Antes de discutir si un uniformado debe votar, tendríamos que preguntarnos si podría hacerlo con absoluta libertad. No basta con que el voto sea secreto. Debe tener la certeza de que su preferencia, conocida o simplemente supuesta, no influirá mañana en su carrera.
No olvidemos que está sometido a una cadena de mando y que el presidente de la República es, al mismo tiempo, la autoridad suprema de las Fuerzas Armadas y la Policía Nacional. En determinadas circunstancias, ese presidente también puede ser candidato, además pertenecer a uno de los partidos que compiten por el poder.
Introducir el sufragio en una estructura donde todavía puedan existir influencias políticas crearía una zona peligrosa entre la obediencia institucional y la lealtad partidaria.
No me opongo al voto militar y policial.
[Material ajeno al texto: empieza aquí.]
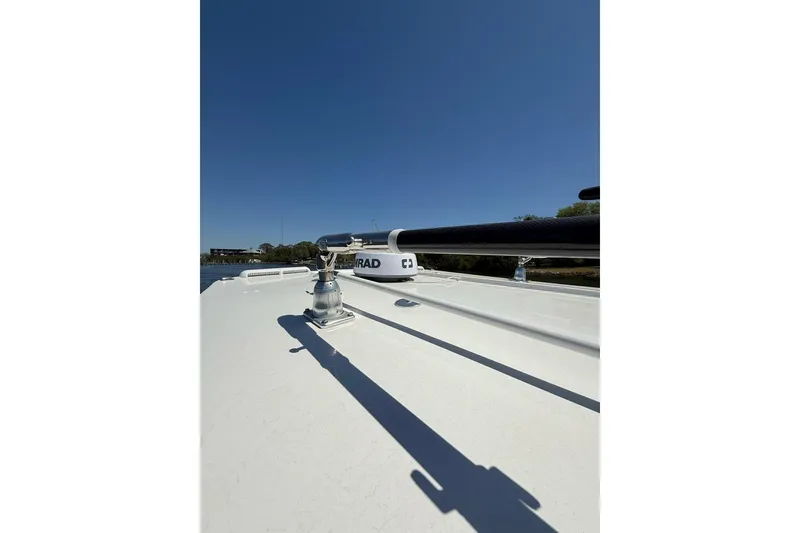 Slide: The Image of 2021 Custom Infusion 34 CC boat deck with radar equipment under clear blue sky. - 47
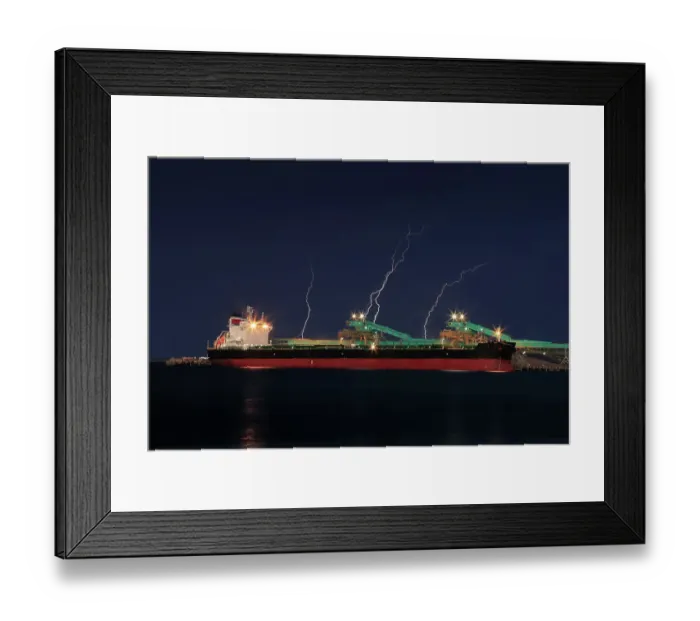 Framed Print : Stormy dramatic sky with lightning breaking over a ship at Port Lincoln. Eyre Peninsula. South Australia Framed Print : Stormy dramatic sky with lightning breaking over a ship at Port Lincoln. Eyre Peninsula. South Australia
Por el contrario, desearía que algún día pudiera ser una realidad. Ese momento demostraría que hemos alcanzado unas fuerzas uniformadas institucionalizadas donde ningún miembro tendría que mirar hacia los lados antes de ejercer su voluntad ciudadana.
Pero colocar el techo antes que los cimientos, puede comprometer toda la estructura. Primero debemos garantizar con hechos —no solamente con leyes y discursos— que la carrera está protegida de las simpatías políticas, los padrinazgos y las cercanías con el poder.
Esta reflexión no pretende llevar la deliberación a los cuarteles. Los militares y policías deben continuar cumpliendo la Constitución, preservando su apartidismo y sirviendo a la nación. El debate corresponde a la sociedad y a sus autoridades civiles.
El voto militar podrá llegar algún día. Pero antes habrá que construir la zapata que permita ejercerlo sin miedo, sin compromisos y sin pasarle factura al uniforme.